Businesses change and adjust over time. Sometimes we know a section of our business is not our core business and could be managed in-house or through outsourcing. There are other times the function may become irrelevant in the market (i.e. dvds in the age of streaming) and be sold or closed in the future. Compartmentalizing these business aspects may be helpful.
If they are integrated into your other core operations it will become increasingly complex to untangle as the business adjust course. There is a fundamental difference between having these non-core operations responsive to business needs and integrating them fully.
This means they have management that works within a particular cost center that nearly functions as a separate entity except for at the very top of the organization.
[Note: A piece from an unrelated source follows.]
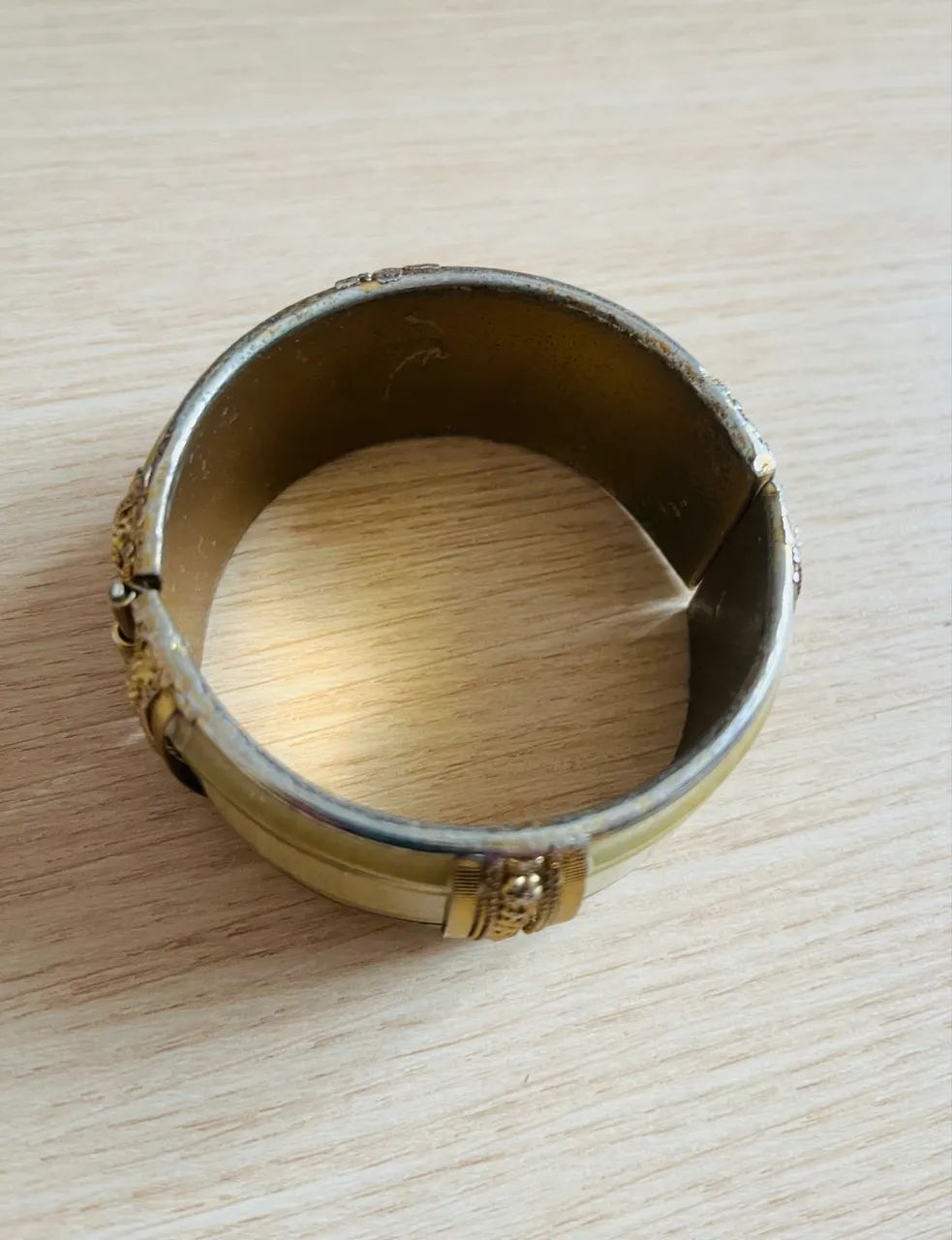 Bracelete dourado  (Biju) - Foto 3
It is the creation of an intentional silo so that decision making and expenses are different from the rest of the organization.
Sometimes it is helpful to bill different departments so that there is an expense associated with the transaction. The entity pays rent and has profits and expenses that help to ensure that it is cost effective for the business. If expenses get too much outsource, if they become cheap it is possible to add business from outside sources.
One can determine these rates by determining what it would cost to have these services offered from the outside of the organization. Essentially, you are out sourcing your business to yourself.
Compartmentalization has the advantage of easy breaking off of the business while putting the mindset in place what the "core" business is. Financially and legally you are preparing to separate except you are not forced to do this. The level of separate will depend on the current state of affairs and can be furthered as the core business changes. As an additional bonus the "core" business concept will stick in the minds of workers leading to greater focus.